Goal
In this session, you’re going to review a peer’s work, provide them with constructive feedback, and make a contribution to their project.
Peer review is important to develop collaboration skills. It also lets you see how data scientists can come up with different solutions to the same problem. As you perform your peer review, keep two goals in mind: be thorough and be constructive.
Being thorough means reviewing your peer’s work with a fine-toothed comb. If they have an error or an omission in their repo, I want you to do your best to find it before I do!
At the same time, be constructive. Good peer review is a gift - an opportunity to lift each other up. Respectfully draw your peer’s attention to where and how they can improve their work.
Guidelines for respectful feedback
Focus on the code, not the person. E.g., “I think this comment needs more explanation” instead of “You didn’t explain this well enough”.
Try to explain why, not just what. E.g., “If you change this variable from
nutrientMgLtonutrient_mg_lthen your variable naming will be more consistent” instead of “Make thisnutrient_mg_l”.Acknowledge good work! Highlight parts of the code where your peer has successfully met specs.
Instructions
Peer feedback
- Create a peer review conga line. Everyone should give and receive feedback from different students.
- Fork the repo of the student you’re giving feedback to. Clone it on your computer.
- Create a markdown file in your forked repo called
peer-assessment.md. - As with the self assessment, create one header for each category of specs (except Collaboration) and a subheader for each individual spec.
- For each spec, assess your peer’s work as Not yet or Meets spec. In one to two sentences, explain your assessment.
- For each spec you assess as Not yet, open an Issue on your peer’s GitHub repo describing what you think they could do to meet the spec.
- If you think every spec has been met, open an Issue describing what you think they could do to Exceed an eligible spec.
- Commit your changes and push to GitHub.
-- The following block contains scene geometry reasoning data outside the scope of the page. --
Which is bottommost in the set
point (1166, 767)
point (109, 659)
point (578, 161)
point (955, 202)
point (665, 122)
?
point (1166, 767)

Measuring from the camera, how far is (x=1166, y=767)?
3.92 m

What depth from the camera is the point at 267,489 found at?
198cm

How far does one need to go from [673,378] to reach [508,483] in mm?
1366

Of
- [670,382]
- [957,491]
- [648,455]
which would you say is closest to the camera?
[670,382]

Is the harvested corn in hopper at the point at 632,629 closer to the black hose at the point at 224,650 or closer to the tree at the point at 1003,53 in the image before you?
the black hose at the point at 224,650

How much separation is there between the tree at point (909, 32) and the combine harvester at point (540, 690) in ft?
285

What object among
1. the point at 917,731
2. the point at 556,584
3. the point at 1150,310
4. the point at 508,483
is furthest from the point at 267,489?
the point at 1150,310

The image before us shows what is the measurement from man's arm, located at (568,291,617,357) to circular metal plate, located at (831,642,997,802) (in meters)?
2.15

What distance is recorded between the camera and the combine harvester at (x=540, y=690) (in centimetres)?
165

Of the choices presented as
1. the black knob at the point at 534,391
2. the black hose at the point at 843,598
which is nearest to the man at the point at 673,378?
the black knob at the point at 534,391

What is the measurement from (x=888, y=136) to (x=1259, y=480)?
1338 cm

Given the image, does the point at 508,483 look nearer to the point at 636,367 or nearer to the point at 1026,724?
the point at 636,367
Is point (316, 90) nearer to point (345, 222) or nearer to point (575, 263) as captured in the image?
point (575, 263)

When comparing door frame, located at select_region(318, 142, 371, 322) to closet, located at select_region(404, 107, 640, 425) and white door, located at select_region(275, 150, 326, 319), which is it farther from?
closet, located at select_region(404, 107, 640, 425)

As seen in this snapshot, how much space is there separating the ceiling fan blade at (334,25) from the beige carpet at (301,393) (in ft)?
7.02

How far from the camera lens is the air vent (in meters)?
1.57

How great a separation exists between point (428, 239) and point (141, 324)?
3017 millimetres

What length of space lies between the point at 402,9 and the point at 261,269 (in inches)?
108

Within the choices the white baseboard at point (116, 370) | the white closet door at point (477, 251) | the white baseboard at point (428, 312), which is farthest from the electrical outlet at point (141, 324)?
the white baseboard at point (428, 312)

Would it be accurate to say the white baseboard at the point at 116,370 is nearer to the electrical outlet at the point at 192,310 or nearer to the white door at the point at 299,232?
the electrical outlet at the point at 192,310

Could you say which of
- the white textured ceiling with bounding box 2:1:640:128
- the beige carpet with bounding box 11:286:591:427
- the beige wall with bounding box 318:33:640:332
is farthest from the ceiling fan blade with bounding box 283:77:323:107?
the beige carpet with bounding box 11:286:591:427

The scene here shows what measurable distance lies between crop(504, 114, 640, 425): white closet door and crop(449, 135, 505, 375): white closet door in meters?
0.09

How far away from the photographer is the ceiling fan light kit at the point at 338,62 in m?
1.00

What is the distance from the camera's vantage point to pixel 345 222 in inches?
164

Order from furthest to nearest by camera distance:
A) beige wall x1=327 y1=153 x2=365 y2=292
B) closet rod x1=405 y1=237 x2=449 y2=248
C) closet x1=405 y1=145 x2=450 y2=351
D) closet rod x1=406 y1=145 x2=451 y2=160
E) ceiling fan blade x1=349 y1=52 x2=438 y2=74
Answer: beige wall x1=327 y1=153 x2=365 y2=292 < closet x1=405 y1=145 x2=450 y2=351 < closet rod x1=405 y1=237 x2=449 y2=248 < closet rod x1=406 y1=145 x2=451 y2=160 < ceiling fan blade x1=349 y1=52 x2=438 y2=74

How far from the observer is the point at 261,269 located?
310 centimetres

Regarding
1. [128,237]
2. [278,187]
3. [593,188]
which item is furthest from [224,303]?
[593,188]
- Open a pull request. Tag my username (@FlukeAndFeather) in the description of the pull request so I get a notification about it.
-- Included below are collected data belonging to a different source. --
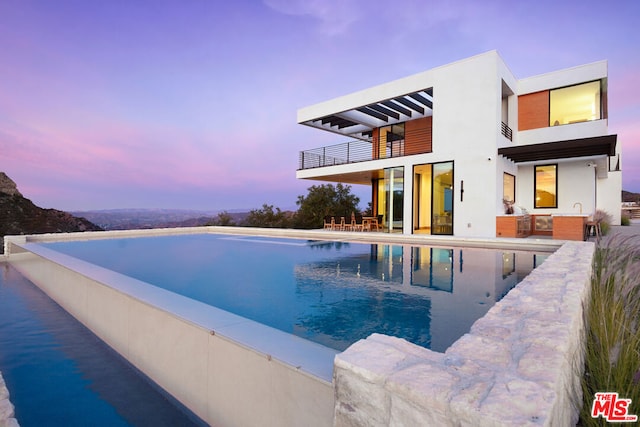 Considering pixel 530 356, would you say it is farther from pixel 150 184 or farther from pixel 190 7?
pixel 150 184

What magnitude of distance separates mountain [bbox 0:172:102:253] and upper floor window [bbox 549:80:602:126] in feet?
92.8

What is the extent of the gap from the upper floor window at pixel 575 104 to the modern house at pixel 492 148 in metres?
0.03

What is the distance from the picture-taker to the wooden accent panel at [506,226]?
1152 cm

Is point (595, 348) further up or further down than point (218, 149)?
further down

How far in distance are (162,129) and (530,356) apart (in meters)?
24.3

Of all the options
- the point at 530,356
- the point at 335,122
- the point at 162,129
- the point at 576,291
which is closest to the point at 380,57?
the point at 335,122

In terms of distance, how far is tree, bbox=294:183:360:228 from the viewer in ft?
75.2

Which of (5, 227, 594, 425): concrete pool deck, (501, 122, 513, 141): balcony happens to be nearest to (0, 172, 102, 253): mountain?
(501, 122, 513, 141): balcony

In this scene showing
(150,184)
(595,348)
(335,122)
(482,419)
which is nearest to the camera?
(482,419)

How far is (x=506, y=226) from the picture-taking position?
11.6 m

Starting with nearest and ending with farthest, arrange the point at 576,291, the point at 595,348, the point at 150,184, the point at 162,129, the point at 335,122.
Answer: the point at 595,348 < the point at 576,291 < the point at 335,122 < the point at 162,129 < the point at 150,184

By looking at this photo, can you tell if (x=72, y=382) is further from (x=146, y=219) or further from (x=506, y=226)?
(x=146, y=219)

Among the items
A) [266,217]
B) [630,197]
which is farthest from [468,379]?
[630,197]

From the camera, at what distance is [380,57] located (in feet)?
62.3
- When you receive your reviewer’s pull request, read their feedback and merge it.
Peer contribution
This will be very similar to the last part, but instead of opening issues you’re going to be closing them by making contributions. Contributions can be code, but they can also be documentation or organization.
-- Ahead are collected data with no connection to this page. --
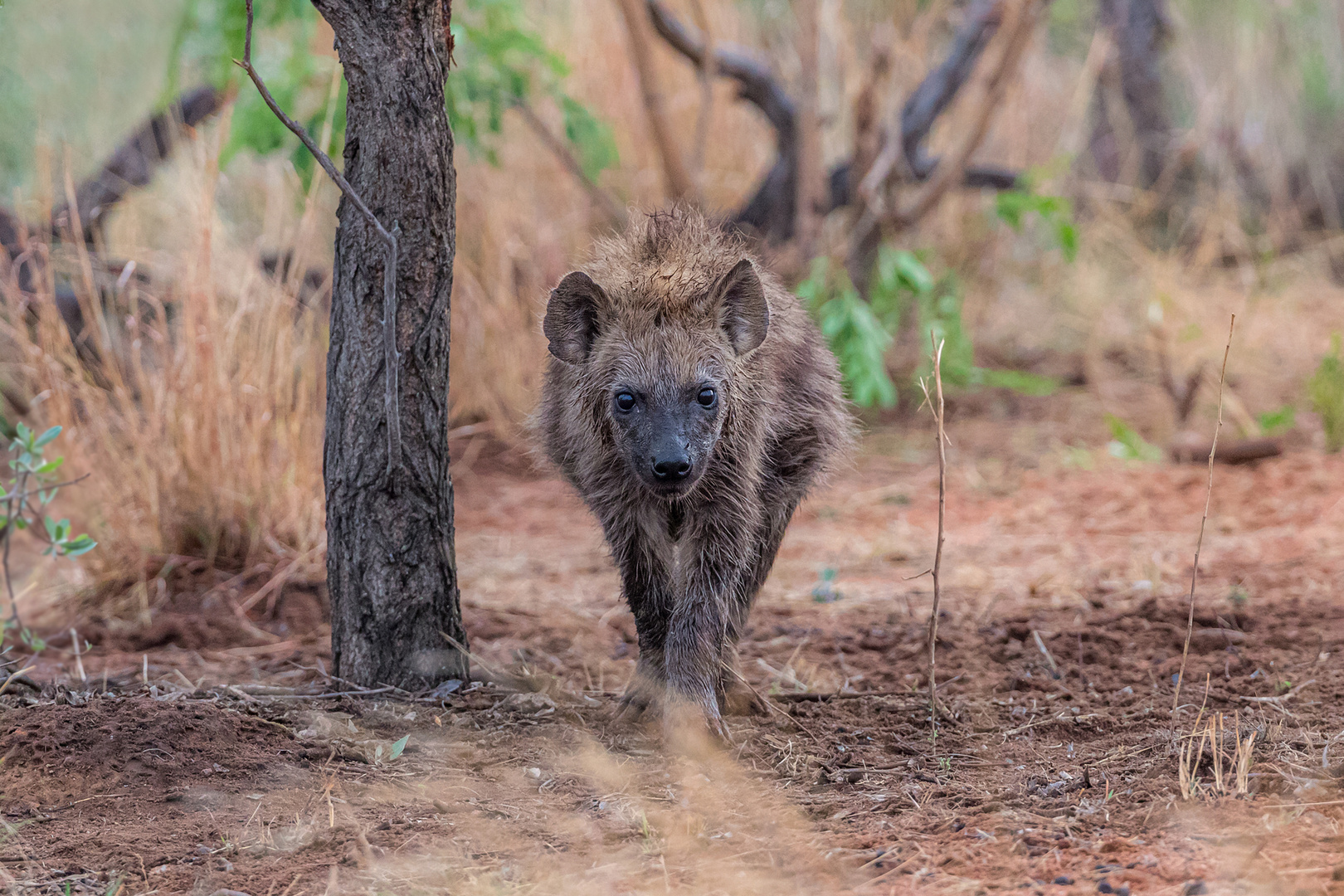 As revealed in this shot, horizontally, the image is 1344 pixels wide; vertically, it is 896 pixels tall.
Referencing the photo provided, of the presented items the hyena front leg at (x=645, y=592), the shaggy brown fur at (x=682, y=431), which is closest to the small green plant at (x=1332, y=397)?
the shaggy brown fur at (x=682, y=431)

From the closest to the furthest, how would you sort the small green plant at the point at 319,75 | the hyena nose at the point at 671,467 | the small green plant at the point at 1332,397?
1. the hyena nose at the point at 671,467
2. the small green plant at the point at 319,75
3. the small green plant at the point at 1332,397

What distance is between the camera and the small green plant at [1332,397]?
7.11m

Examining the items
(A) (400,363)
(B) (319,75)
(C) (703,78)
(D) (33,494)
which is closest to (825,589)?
(A) (400,363)

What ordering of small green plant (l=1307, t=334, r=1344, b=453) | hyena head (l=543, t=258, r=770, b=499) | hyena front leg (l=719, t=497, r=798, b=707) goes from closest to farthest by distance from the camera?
hyena head (l=543, t=258, r=770, b=499) < hyena front leg (l=719, t=497, r=798, b=707) < small green plant (l=1307, t=334, r=1344, b=453)

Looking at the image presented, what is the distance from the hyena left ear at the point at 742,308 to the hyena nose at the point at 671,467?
566 millimetres

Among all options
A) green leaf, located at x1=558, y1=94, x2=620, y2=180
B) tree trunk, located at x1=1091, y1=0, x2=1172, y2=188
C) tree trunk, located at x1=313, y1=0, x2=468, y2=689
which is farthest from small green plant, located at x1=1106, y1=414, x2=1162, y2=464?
tree trunk, located at x1=1091, y1=0, x2=1172, y2=188

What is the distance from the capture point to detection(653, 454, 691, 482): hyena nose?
11.5 ft

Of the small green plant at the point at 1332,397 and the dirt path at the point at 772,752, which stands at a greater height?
the small green plant at the point at 1332,397

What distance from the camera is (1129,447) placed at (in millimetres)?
7551

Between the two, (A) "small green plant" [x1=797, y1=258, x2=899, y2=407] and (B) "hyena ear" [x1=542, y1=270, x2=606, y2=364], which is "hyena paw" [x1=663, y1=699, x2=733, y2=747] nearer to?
(B) "hyena ear" [x1=542, y1=270, x2=606, y2=364]

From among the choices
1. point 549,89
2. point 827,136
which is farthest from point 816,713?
point 827,136

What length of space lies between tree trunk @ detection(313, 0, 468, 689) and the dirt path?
272 mm

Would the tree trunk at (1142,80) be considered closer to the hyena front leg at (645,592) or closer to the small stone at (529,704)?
the hyena front leg at (645,592)

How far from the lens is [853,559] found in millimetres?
6164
- Create a peer contribution conga line. Everyone should give and receive contributions from different students.
- Fork the repo of the student you’re contributing to. Clone it on your computer.
- Choose an Issue in their repo you can contribute to.
Let’s say you chose an Issue about documenting a function. - Respond to the Issue with a plan for how you’ll contribute.
You could describe the function’s parameters, return value, and internal logic. - Make changes in your local repo. Commit and push.
Add comments to the function providing proper documentation. - Open a Pull request on GitHub.
- When you receive the Pull request from your contributor, review their changes. This can be a conversation! If appropriate, reply with revisions you’d like to see. Otherwise, merge the Pull request.
Recap
In this session, you performed two important workflow collaboration tasks.
First, you provided feedback to one of your peers on their work. Today, you had a rubric of specs to work from. In the future, it’ll be up to you consider what the specs for the work should be!
Second, you made a contribution to one of your peer’s projects using Fork/Pull request. This is the preferred method for contributing to distributed projects on GitHub because it allows data scientists to work in parallel, and makes it easier to review and merge changes by multiple authors. We recommend you use Fork/Pull request for your Capstone projects.